When the Fight for $15 was just getting its feet wet in 2013, Rensi said he issued a series of dire warnings to aggressive unions that workers will be replaced with machines if they continued to fight for a high minimum wage.
“At the time, labor groups accused business owners of crying wolf,” he said. “It turns out the wolf was real.”
There is another consequence that affects smaller businesses that can’t afford high-priced gadgets in their stores. Again, Rensi warned, as did others, that this would lead to layoffs and business closures. That scenario hasn’t played out much worse than it has in California:
They include a bookstore in Roseville, a pub in Fresno, restaurants and bakeries in San Francisco, a coffee shop in Berkeley, grocery stores in Oakland, a grill in Santa Clara, and apparel manufacturers through the state. In September of this year, nearly one-quarter of restaurant closures in the Bay Area cited labor costs as one of the reasons for shutting down operations.

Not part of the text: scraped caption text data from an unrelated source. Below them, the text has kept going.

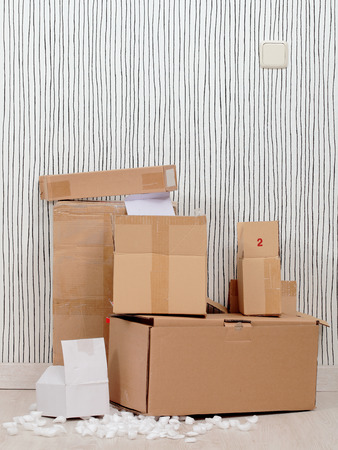 pile of open boxes on a apartment roomの写真素材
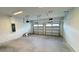 Spacious two-car garage with two garage door openers and ample space at 6221 Argent Wood Dr, Winter Garden, FL 34787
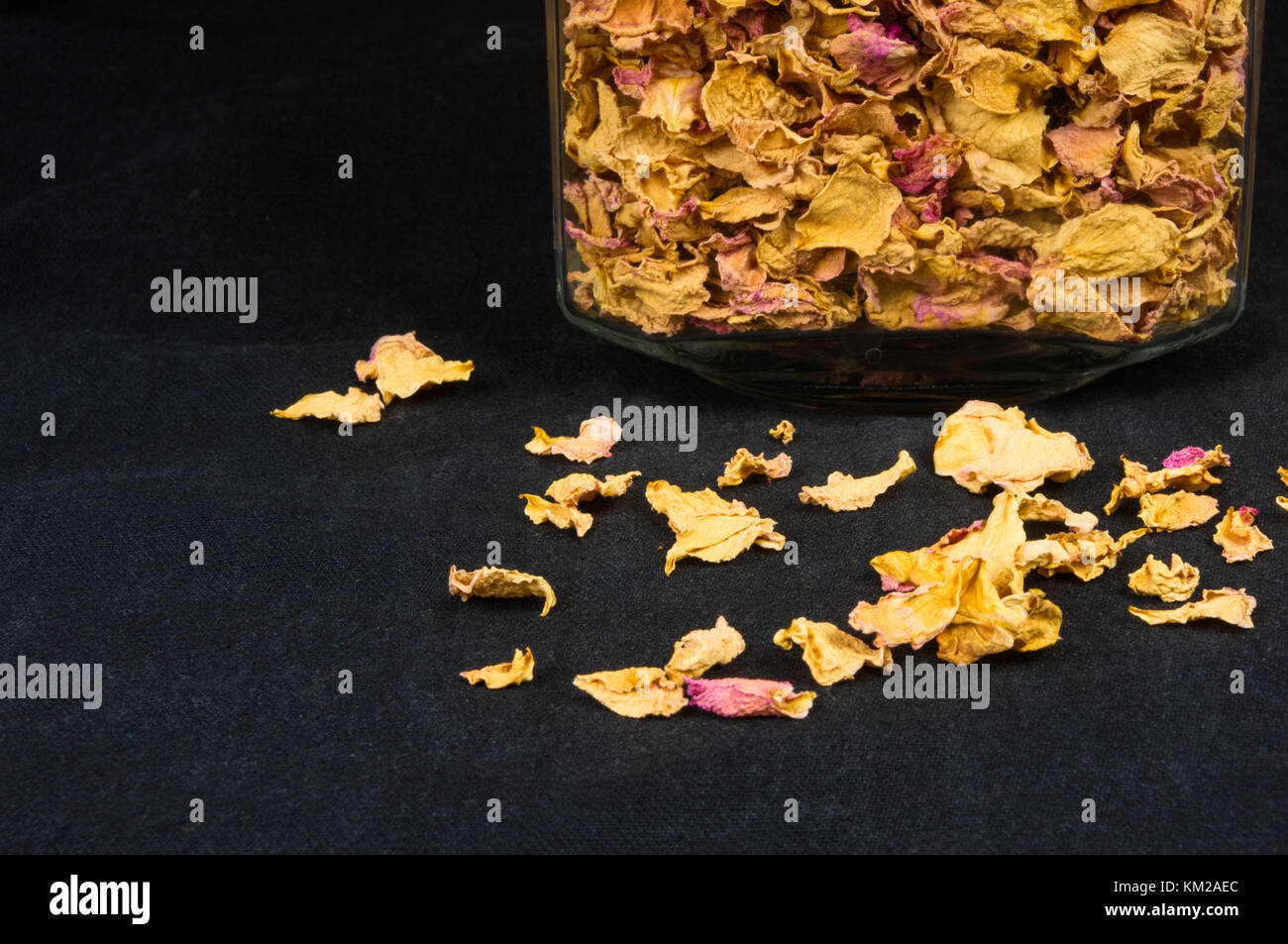 dried rose petals in a glass jar with lid on a black background Stock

And just this past week, a California-based communications firm announced it was moving 75 call center jobs from San Diego to El Paso, citing the state’s rising minimum as the “deciding factor.”

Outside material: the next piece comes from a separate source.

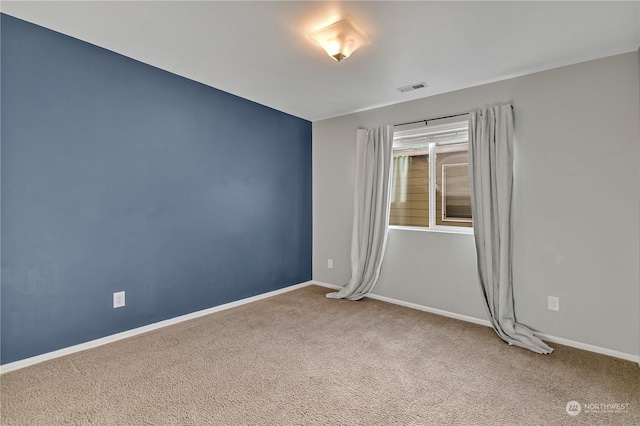 view of carpeted spare room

But businesses in Washington, Colorado, Maine and Arizona are feeling the pinch after each stated voted for a $15 wage increase on Election Day:
In the immediate aftermath, family-owned restaurants, coffee shops and even childcare providers have struggled to absorb the coming cost increase—with parents paying the cost through steeper childcare bills, and employees paying the cost through reduced shift hours or none at all.
Who deserves the most blame, according to Rensi, is the labor unions who sat back and basked in the extra media coverage and fundraising dollars while ignoring the voices of everyone telling them a wage hike like this is unsustainable:
The out-of-state labor groups who funded these initiatives aren’t shedding tears over the consequences. Like their Soviet-era predecessors who foolishly thought they could centrally manage prices and business operations to fit an idealistic worldview, economic reality keeps ruining the model of all gain and no pain. This brings me to my last correct prediction, which is that the Fight for $15 was always more a creation of the left-wing Service Employees International Union (SEIU) rather than a legitimate grassroots effort. Reuters reported last year that, based on federal filings, the SEIU had spent anywhere from $24 million to $50 million on the its Fight for $15 campaign, and the number has surely increased since then.
This money has bought the union a lot of protesters and media coverage. You can expect more of it on November 29. But the real faces of the Fight for $15 are the young people and small business owners who have had their futures compromised. Those faces are not happy ones.